Work task. In the listing below, locate the line with "Tommy Hilfiger Jacka, Herr, M, Polyester, Röd" and the line with "Portaoggetti rettangolare doccia", then output both and everything between them exactly, minus any pictures.

Given data.
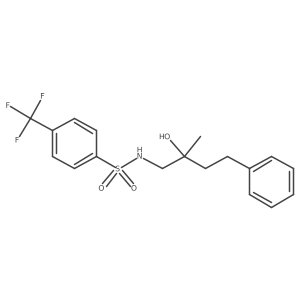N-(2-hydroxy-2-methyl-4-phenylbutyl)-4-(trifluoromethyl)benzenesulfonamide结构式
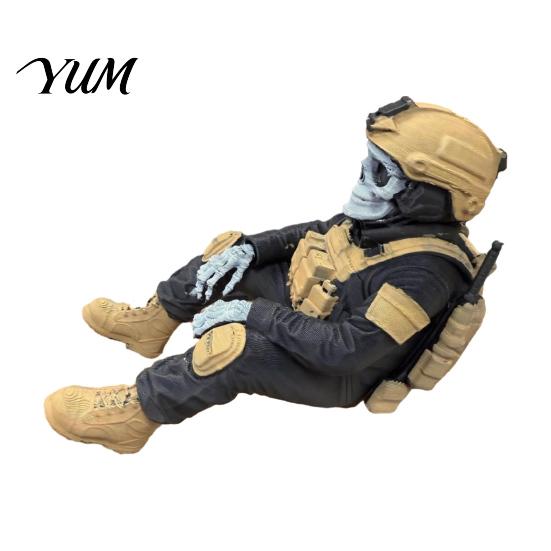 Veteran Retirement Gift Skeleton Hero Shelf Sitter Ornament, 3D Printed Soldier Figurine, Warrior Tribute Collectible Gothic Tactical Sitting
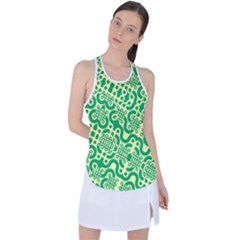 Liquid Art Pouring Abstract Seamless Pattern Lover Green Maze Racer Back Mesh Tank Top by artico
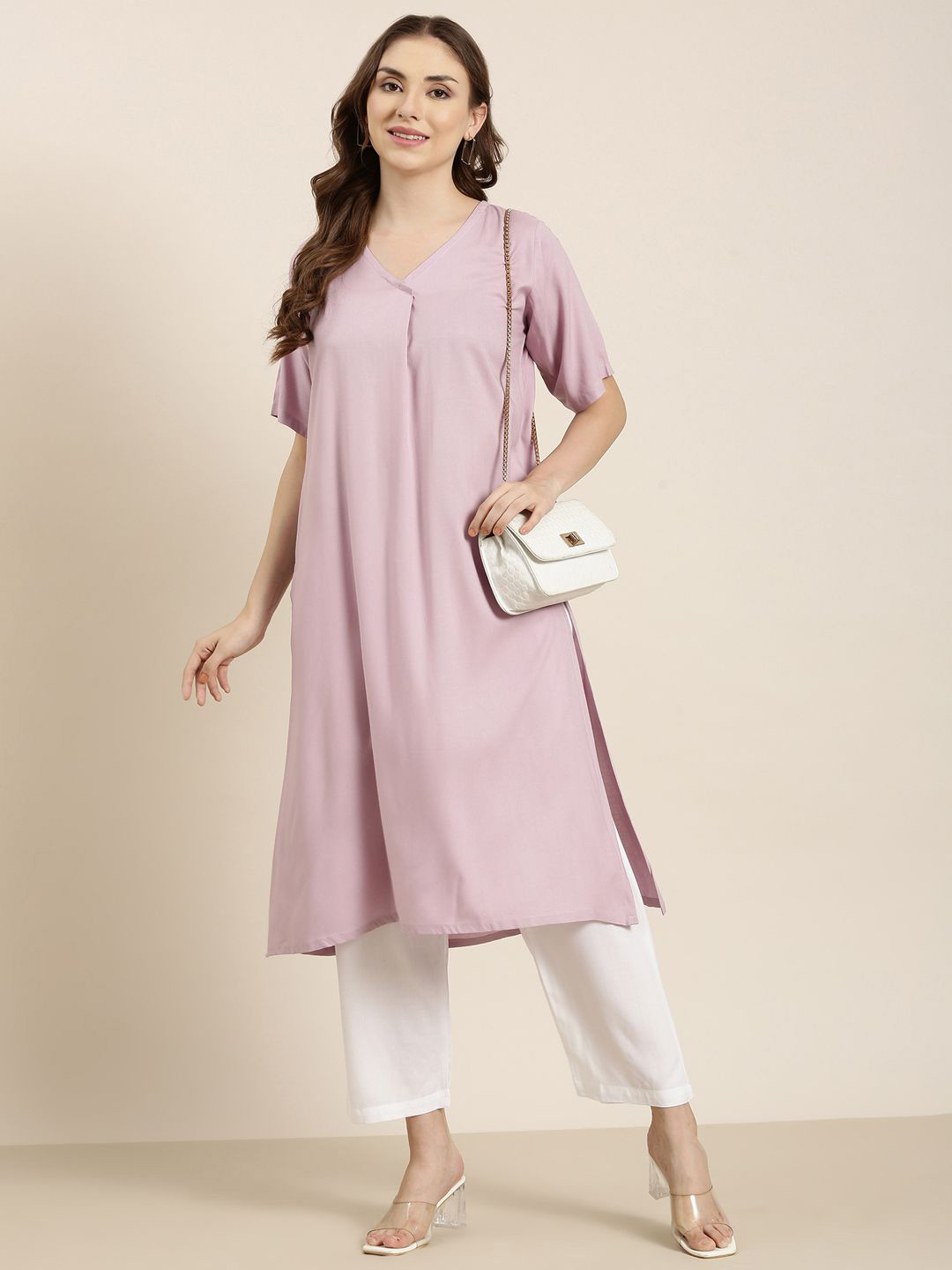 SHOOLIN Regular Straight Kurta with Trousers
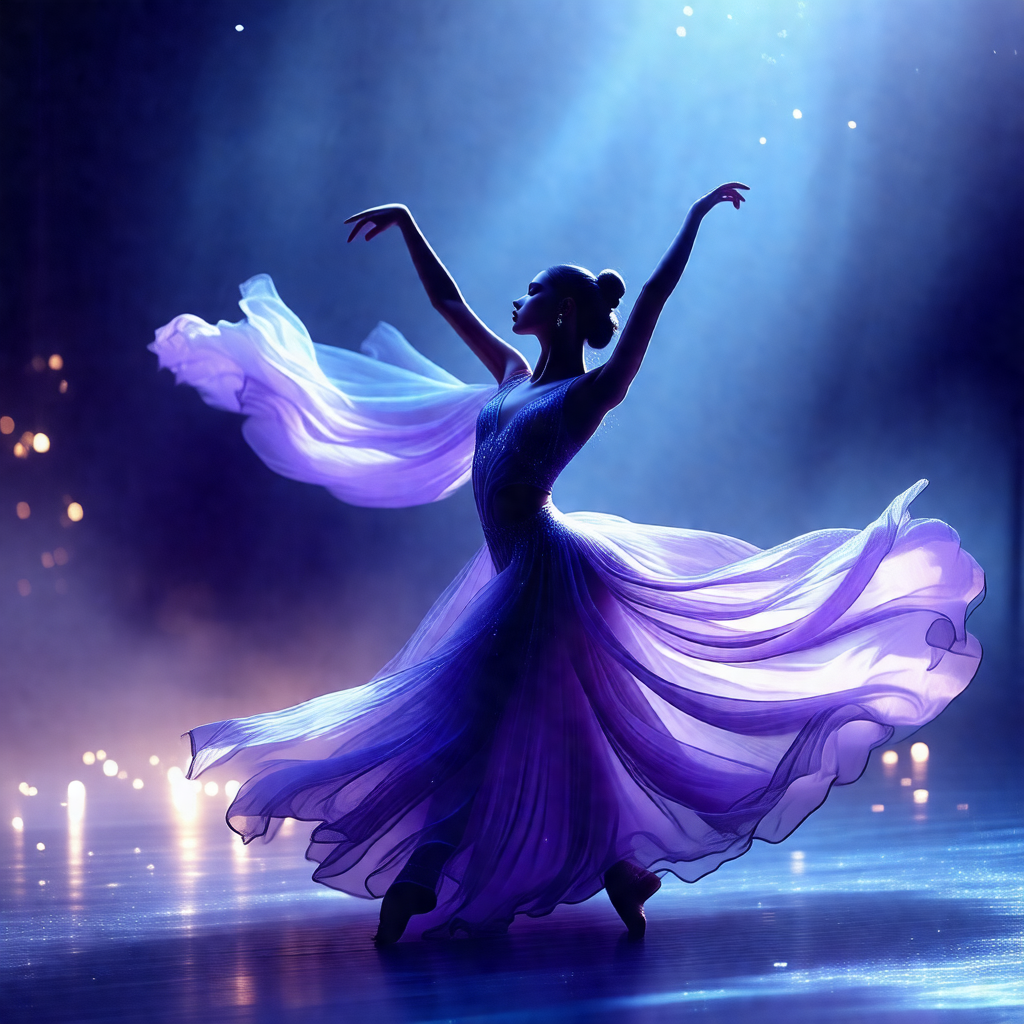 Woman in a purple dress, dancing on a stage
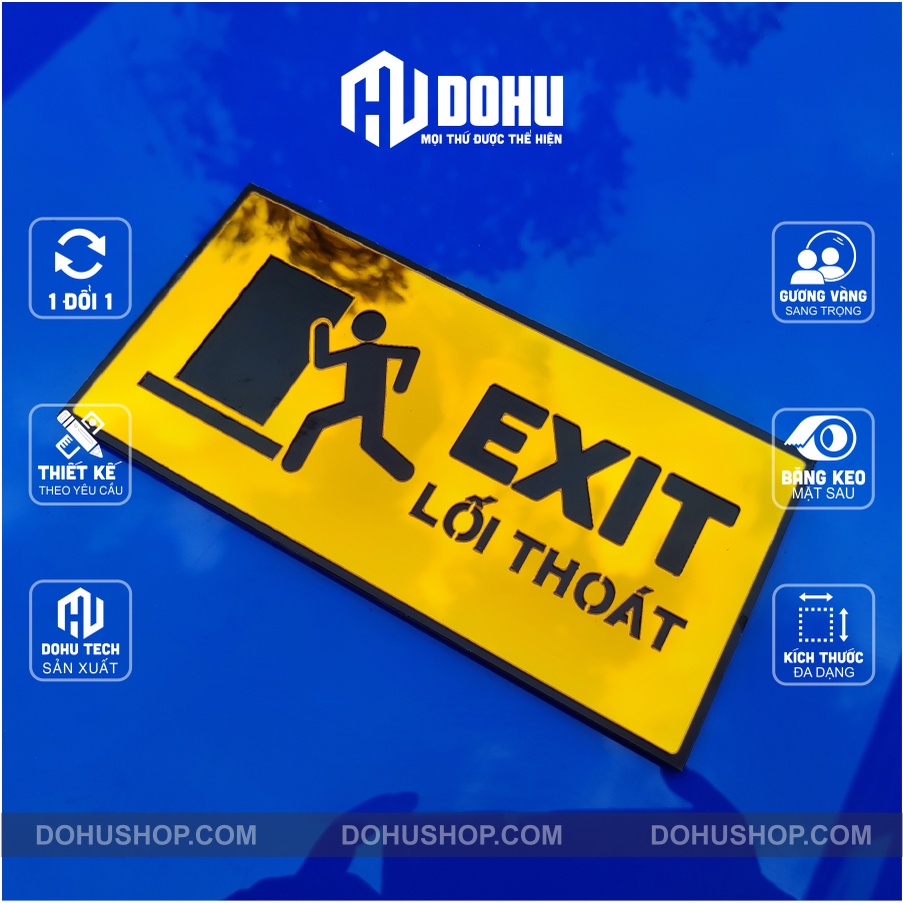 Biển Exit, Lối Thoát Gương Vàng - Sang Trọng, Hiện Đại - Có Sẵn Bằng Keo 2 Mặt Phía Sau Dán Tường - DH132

==

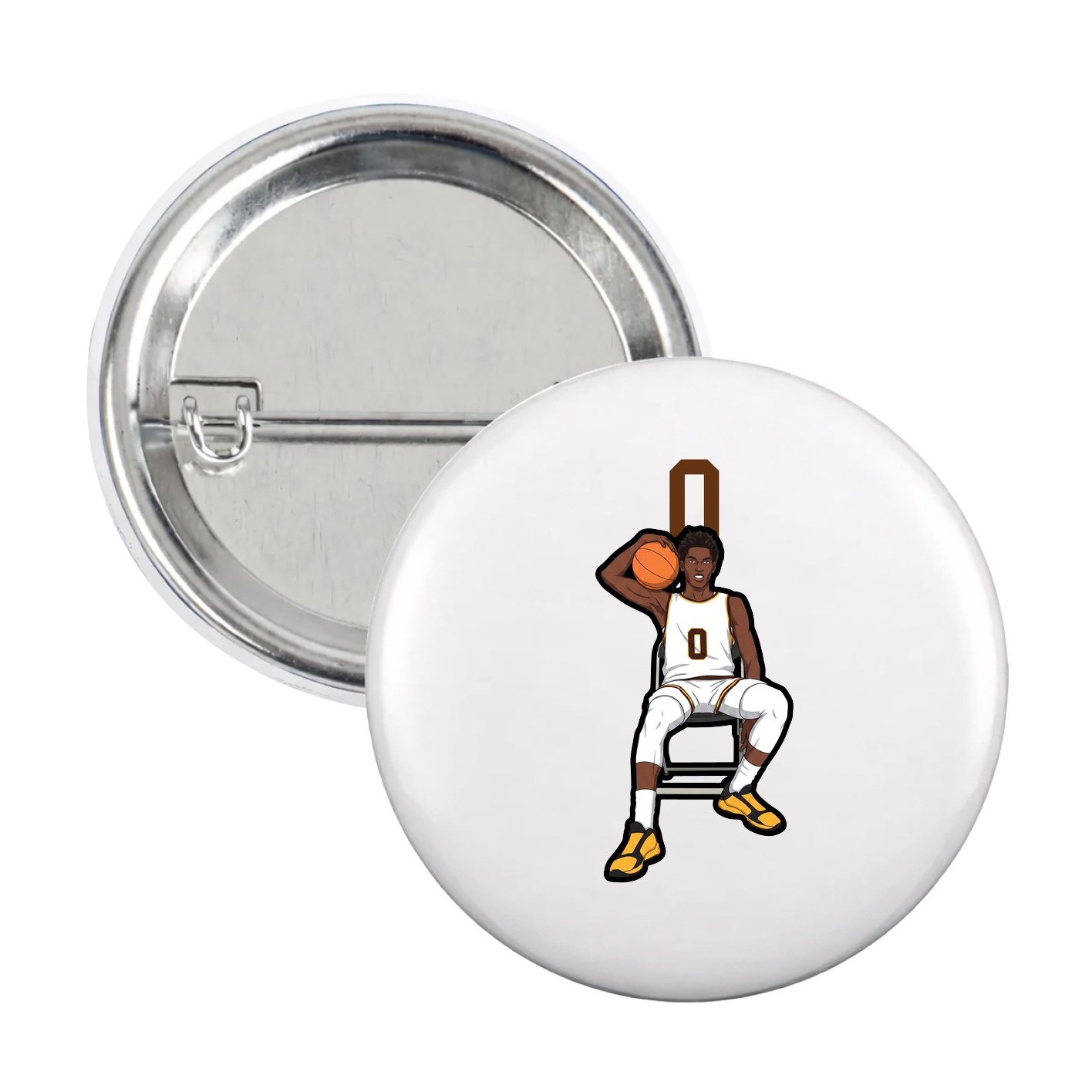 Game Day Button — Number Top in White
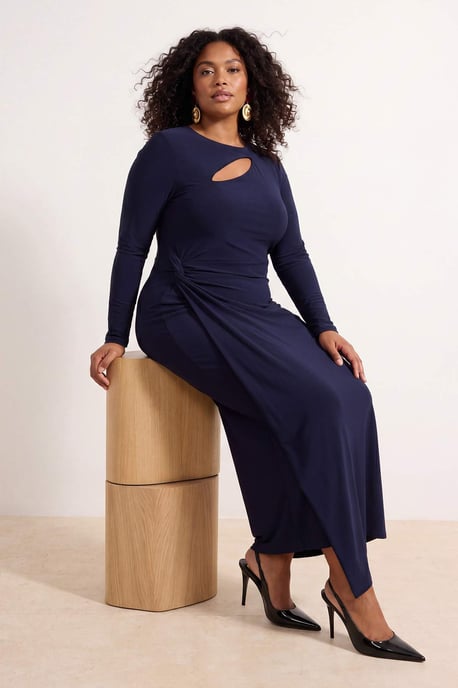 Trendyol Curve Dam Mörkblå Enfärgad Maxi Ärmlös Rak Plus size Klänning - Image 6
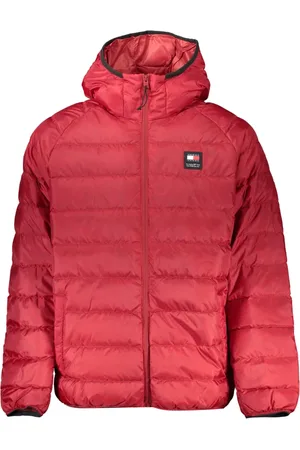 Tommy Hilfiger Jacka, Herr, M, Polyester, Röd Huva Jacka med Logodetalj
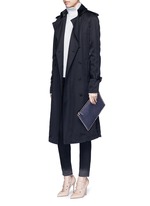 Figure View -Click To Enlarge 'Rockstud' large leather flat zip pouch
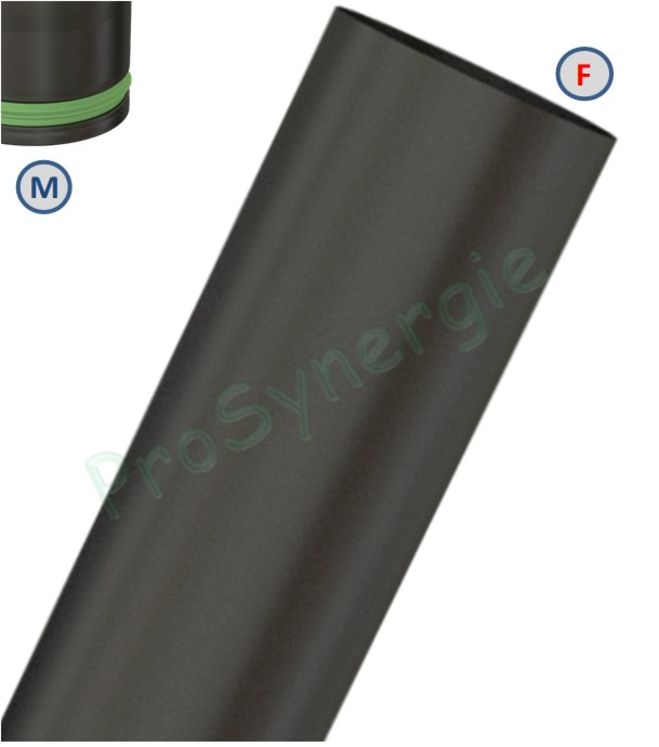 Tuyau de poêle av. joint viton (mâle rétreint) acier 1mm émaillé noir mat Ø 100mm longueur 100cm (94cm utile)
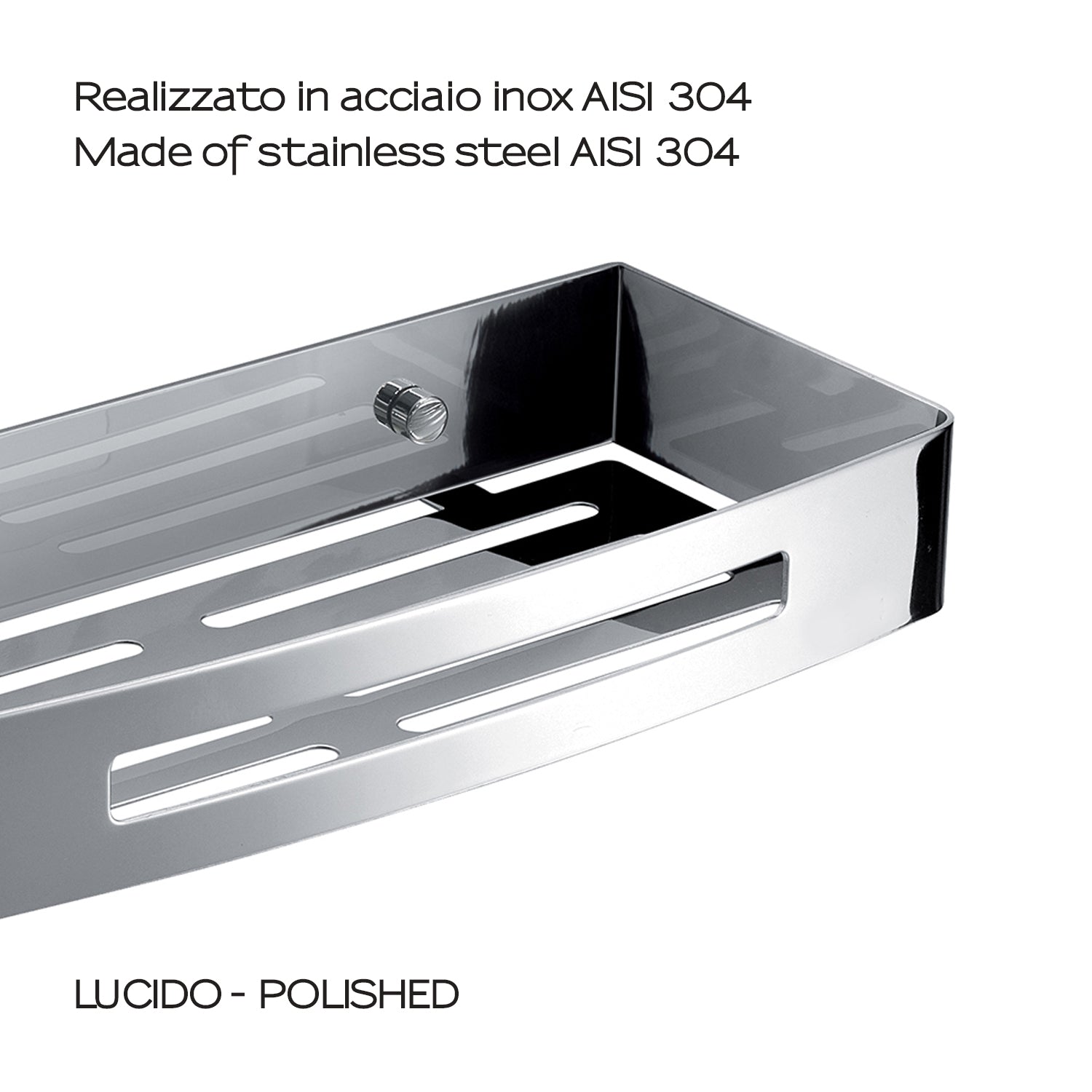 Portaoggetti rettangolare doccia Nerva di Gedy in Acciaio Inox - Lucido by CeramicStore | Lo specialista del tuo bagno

Response area.
 Tommy Hilfiger Jacka, Herr, M, Polyester, Röd Huva Jacka med Logodetalj
 Figure View -Click To Enlarge 'Rockstud' large leather flat zip pouch
 Tuyau de poêle av. joint viton (mâle rétreint) acier 1mm émaillé noir mat Ø 100mm longueur 100cm (94cm utile)
 Portaoggetti rettangolare doccia Nerva di Gedy in Acciaio Inox - Lucido by CeramicStore | Lo specialista del tuo bagno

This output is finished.